I took Claudio to be proposing an interpretation of the HP program different from yours, one that’s an explicit multiverse program. No? If not, then I guess we return to the place where I still don’t quite grasp what the HPer is up to. The universer is studying V. The HPer is studying …
And indeed in the HP we have a “single-universe view” (the “ideal V”) which is analysed via a multiverse construct (the Hyperuniverse). It is a hybrid, and that may have caused confusion, for which I apologise. Another added ingredient is the consideration of “thickenings” in quotes, in addition to the lengthenings of the height potentialist. Both are reduced to the mathematical study of the Hyperuniverse (the reduction to the Hyperuniverse”, a bit more about that below).
… an ‘ideal V’? What is that?
The Hyperuniverse is also an ideal construct, it is defined within the ideal V. Conversely, truth in the ideal V is clarified through an analysis of its associated (ideal) Hyperuniverse. There is a dynamic interplay, a “dualism” as Claudio explained. There is no thick ontology for the ideal Hyperuniverse just as there is none for the ideal V.
The hyperuniverse is also ideal: the collection of ctms inside ‘ideal V’, right? What work is ‘ideal’ doing here? Why not just V and the collection of ctms in V?
1. I can acknowledge that a single-universe view (with no multiverse considerations) is the most obvious view for the foundations of Set Theory. But I don’t think it has better prospects than a multiverse view (or “hybrid” view as in the HP), since it has been quite obvious for a long time that independence is extensive in ST (Set Theory) and in my view this makes any single universe view that exceeds TR (Thin Realism) quite useless. What good is a single universe if we don’t know what form it takes and can only imagine a wide range of possibilities for that form?
Sure, the ordinary universer has a long way to go in figuring out the features of V. But the aim remains a single theory of sets, which is the most natural way of satisfying the foundational goal.

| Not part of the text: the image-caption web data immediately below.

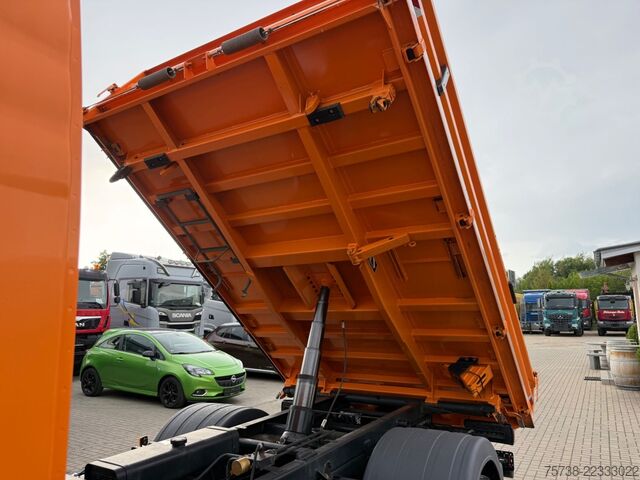 Camión volquete MAN TGL 12.250 Meiller/DoKa 6Sitze/2xAHK/Klima/EURO6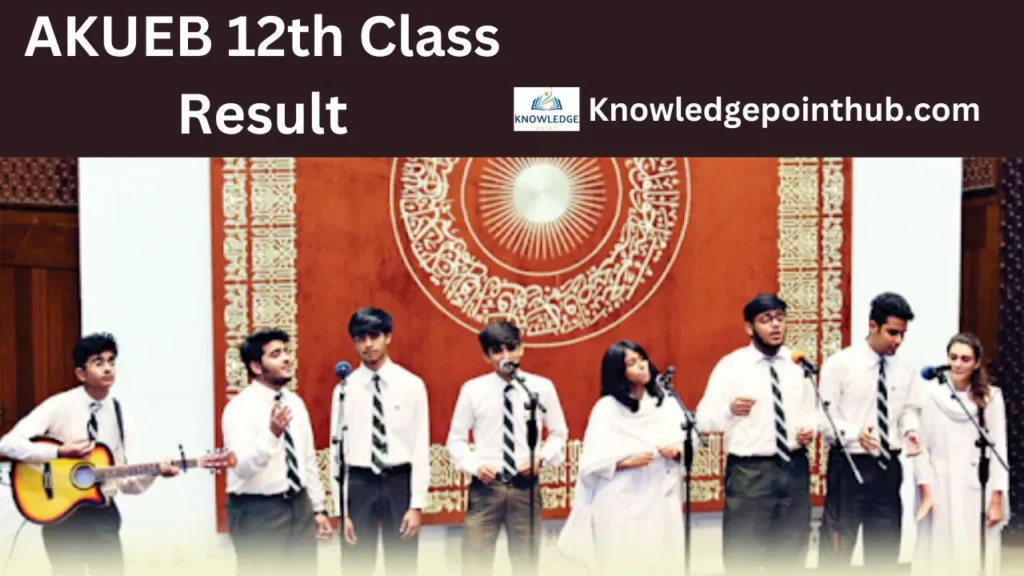 AKUEB 12th Class Result Gazette 2024 Download PDF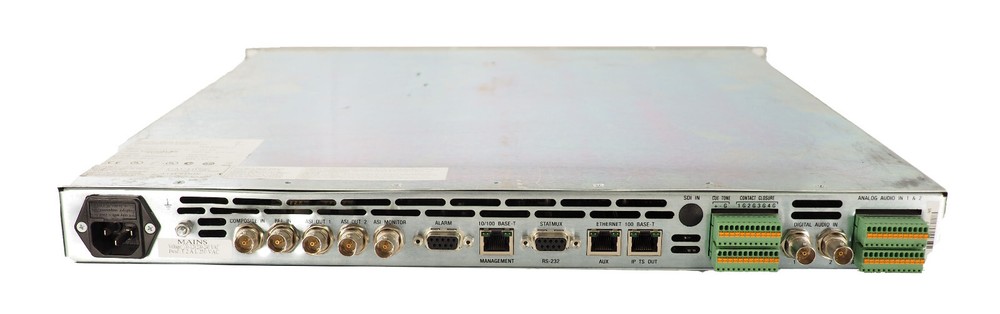CISCO SCIENTIFIC ATLANTA D9032 BROADCAST BROADBAND MPEG-2 PAL/NTSC VIDEO ENCODER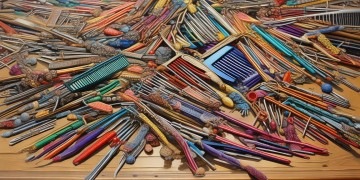 物业扎的头发到底是什么垃圾?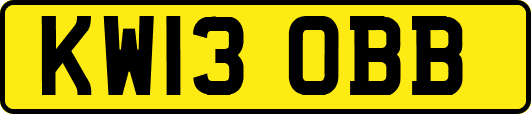 KW13OBB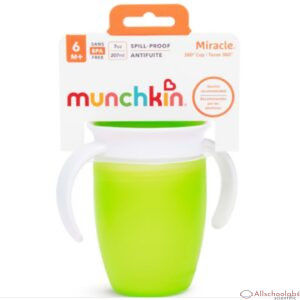 Munchkin Miracle 360? Trainer Cup Green, 7 oz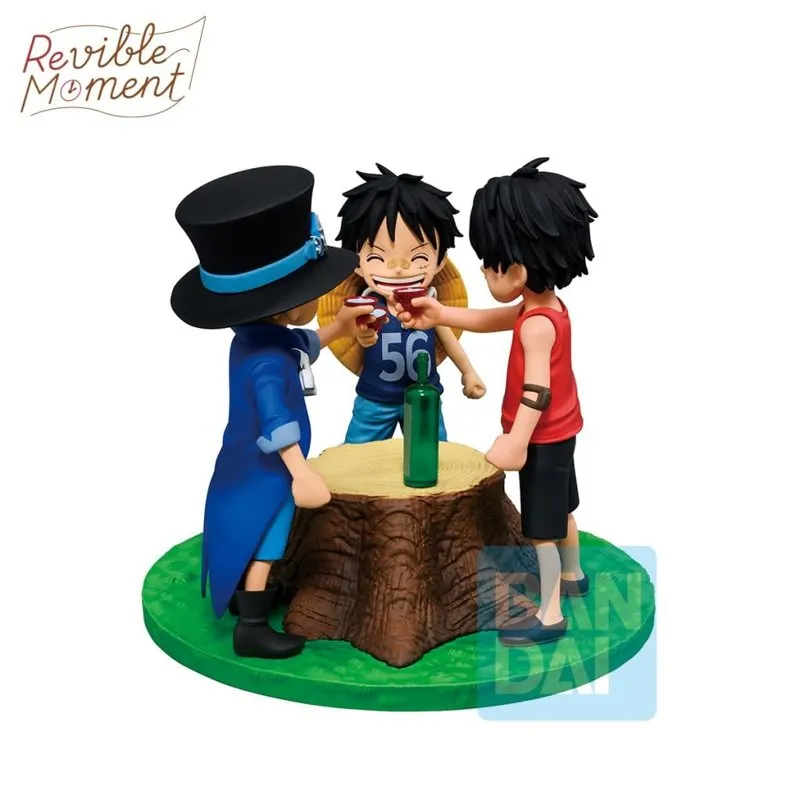 bandai-one-piece-dramatic-memories-ace-sabo-luffy-figur image 1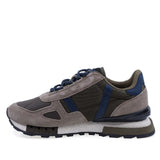 Pantofi sport Goretti maro, lateral stânga, stil casual și talpă flexibilă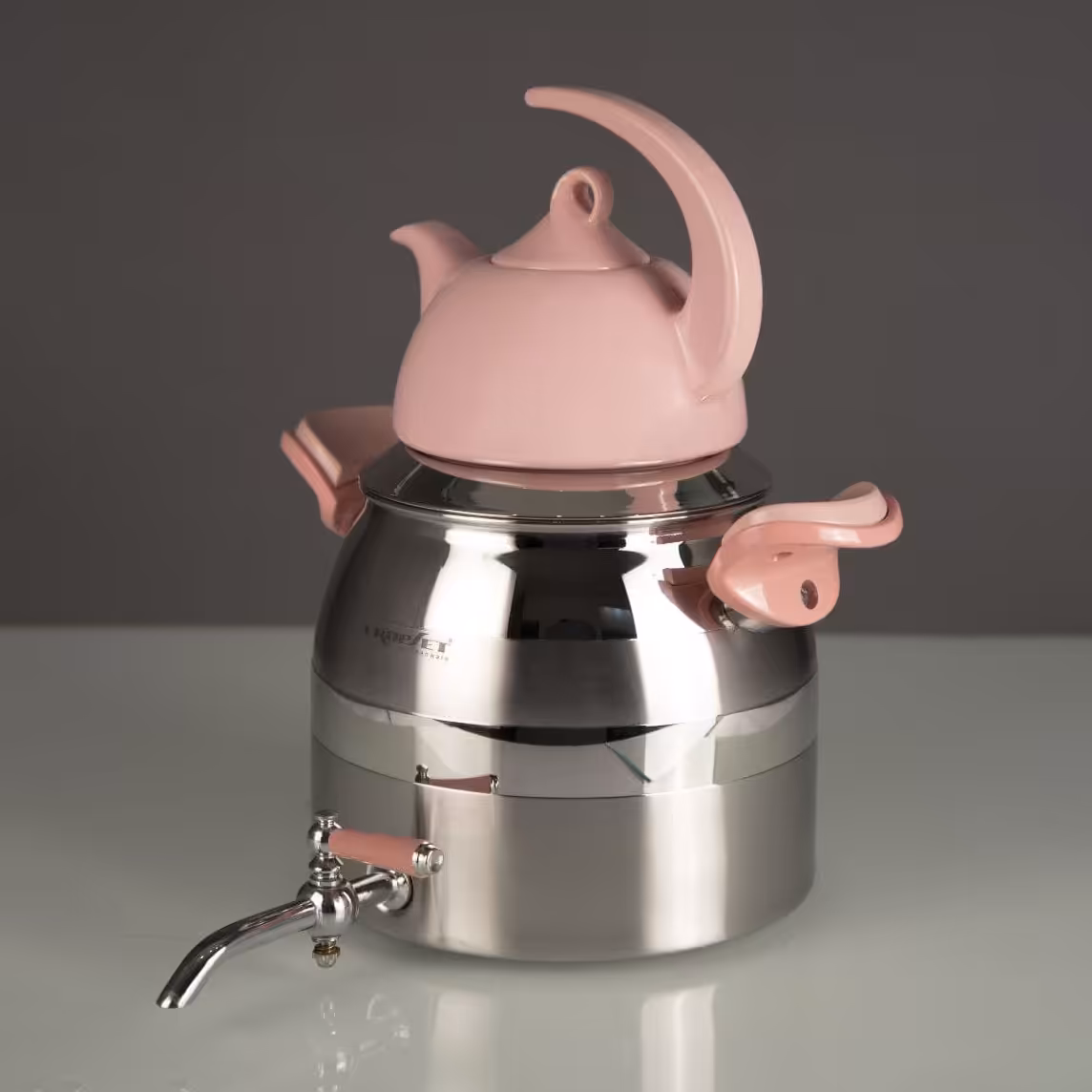 ست کتری و قوری کروپ ست مدل ستاره کد 812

My point is just that this goal generates a methodological maxim I once called ‘Unifiy': go for one accepted theory of sets if at all possible. (It might turn out to be impossible, given other goals, but it doesn’t seem to me that that has happened yet.)

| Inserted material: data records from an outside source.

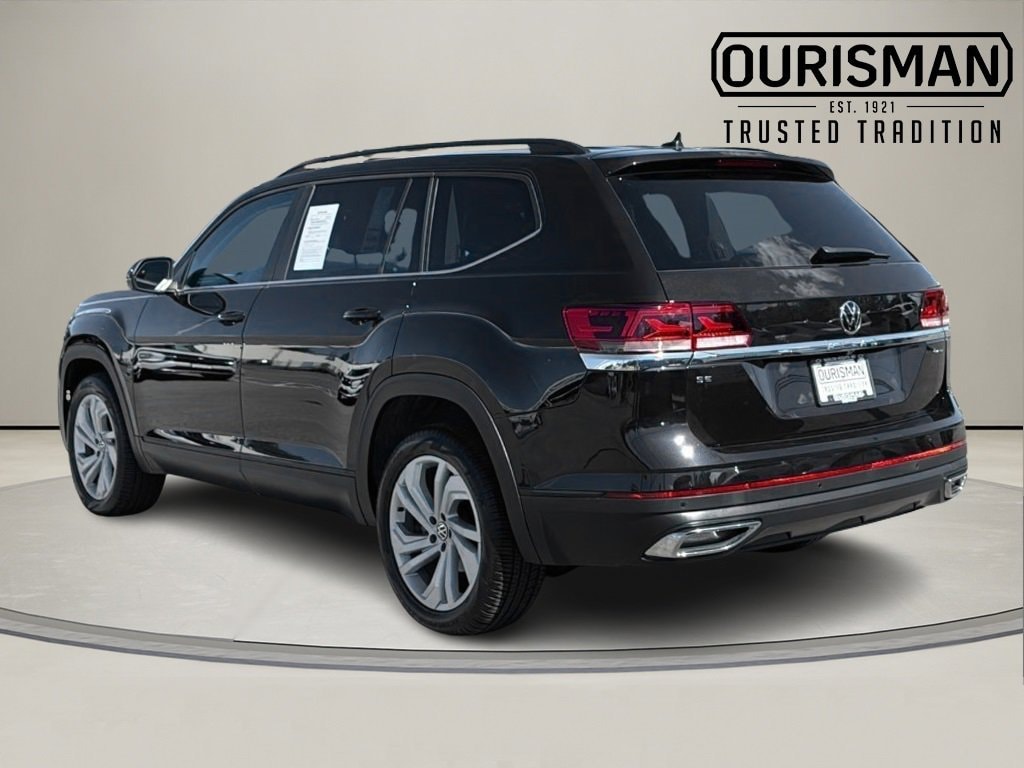 Used 2023 Volkswagen Atlas 2.0T SE w/Technology SUV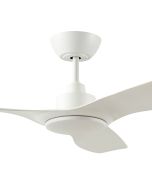 Ventair DC 3 1200mm Ceiling Fan with Wall Controller - White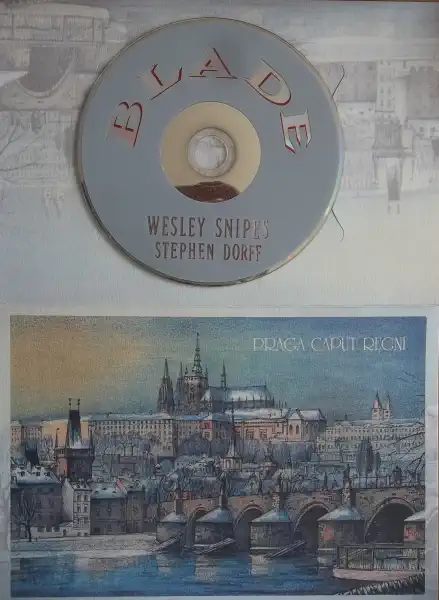 Blade (dráková obálka) DVD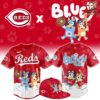 Colorado Rockies Bluey Night Special Edition Baseball Jersey
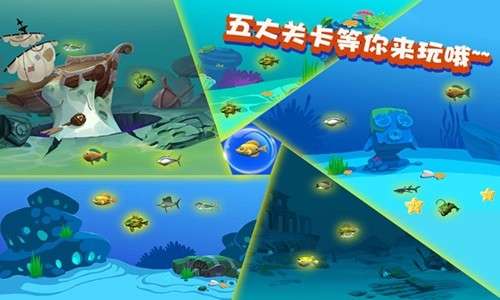 大鱼吃小鱼红包版图3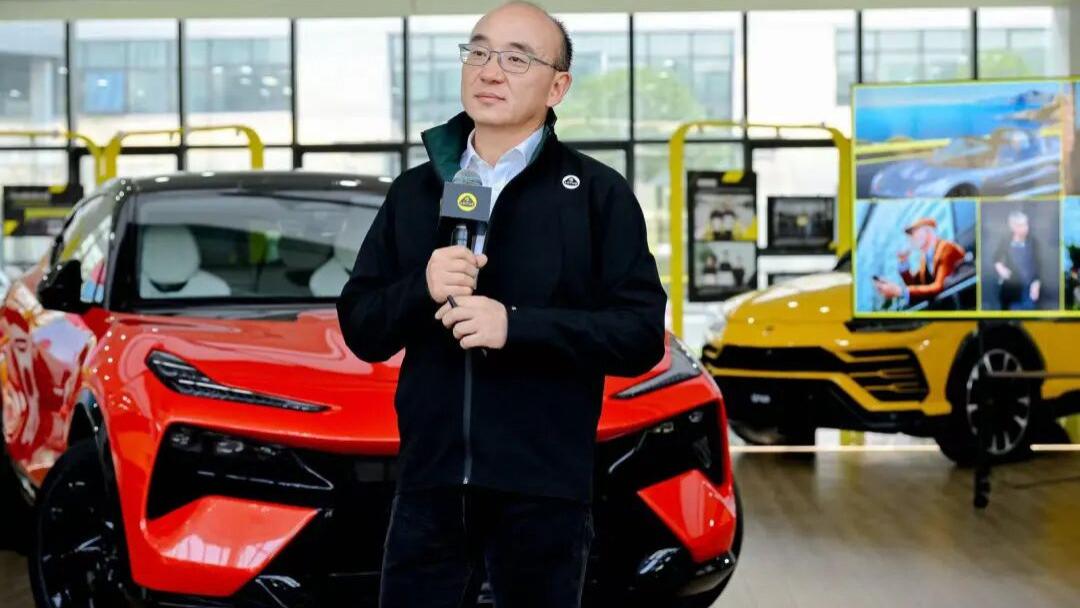 300万内无可匹敌，首款插混For Me登场！ 冯擎峰：莲花将用新命名体系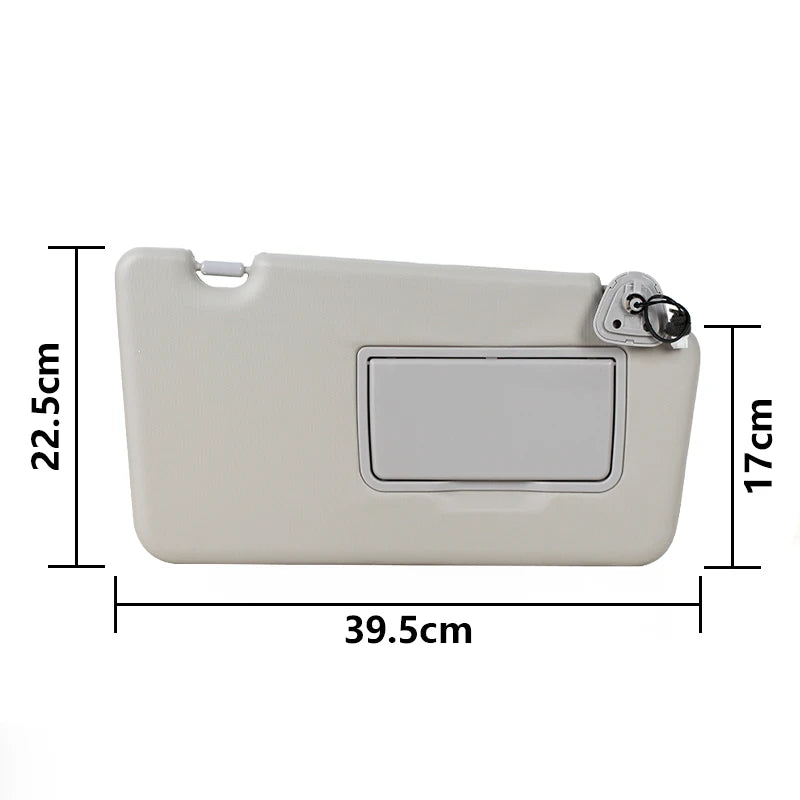 Renault Koleos 2008-2016 Front Sunvisor Wth Makeup Mirror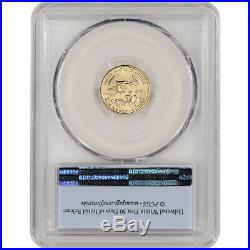 2016 American Gold Eagle (1/10 oz) $5 PCGS MS70 First Strike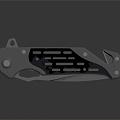 Knife Folding Knife Dagger Folding Dagger 3d model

What Claudio and I established was that, on his understanding of the HP, the HP has embraced the methodological maxim of Unify — not in the universer’s way, in a different way — so I was ready to move on to the next question: how to understand the ontology of the HP.
As for the Thin Realist, she’s beholden to those extrinsic payoffs. Until they abound, she sticks to her simple universe understanding.

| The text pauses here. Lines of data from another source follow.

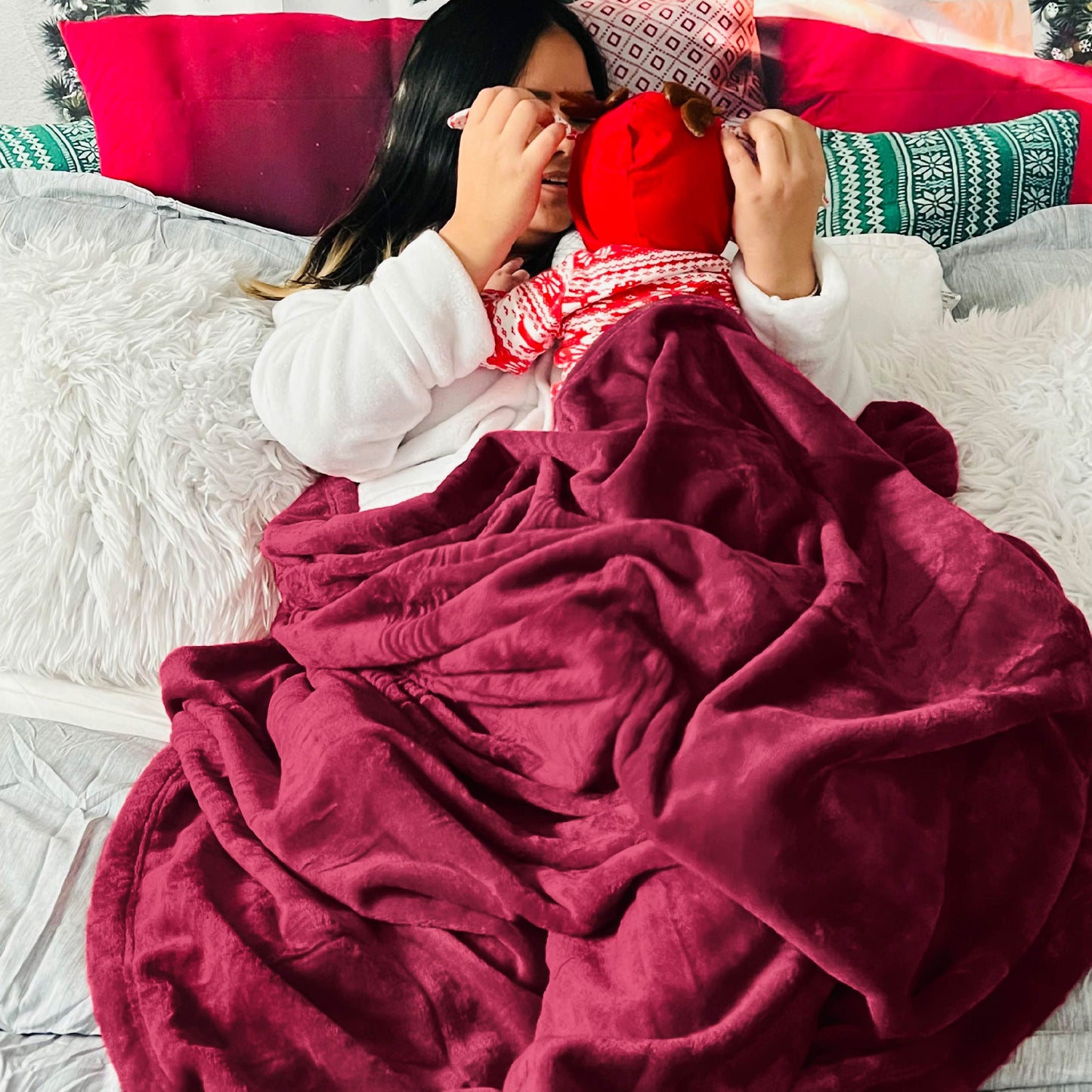 Classic Flannel Fleece Blanket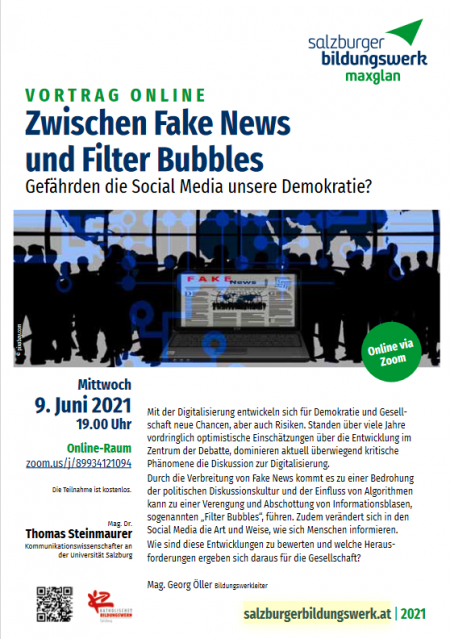 Zwischen Fake News und Filter Bubbles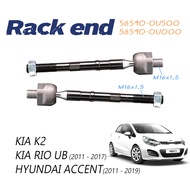 Rack end Kia Rio UB Kia K2 Hyundai Accent /56540-0U500 56540-0U000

“HP identifies a core model-theoretic construct, that is, c.t.m., as the only constituent of multiverse [thin] ontology. Further, mathematical and logical, reasons for this choice have been explained at length by Sy, but I wish to recall that the main (and, to some extent, remarkable) fact is that we do not lose any information about set-theoretic truth by making this choice.”
I hope that this point has finally come across. Pen, Hugh and Harvey have each asked how I make the reduction to ctm’s and I can only ask them to please re-read what I have said about this at great length and through great effort in this exchange. The HP analyses Maximality through the study of certain very particular properties of ctm’s, but unlike what both Hugh and Harvey have tried to claim, it is much more than the study of ctm’s. The ctm’s are just the mathematical tool needed.
I realize this is frustrating for you, but what you’ve said so far about the ‘reduction to ctms’ hasn’t yet produced understanding (for me) or conviction (for Hugh or Harvey). I’m still stuck, as above, on figuring out where the ctms live, what makes everything ‘ideal’, and so on. They have other concerns.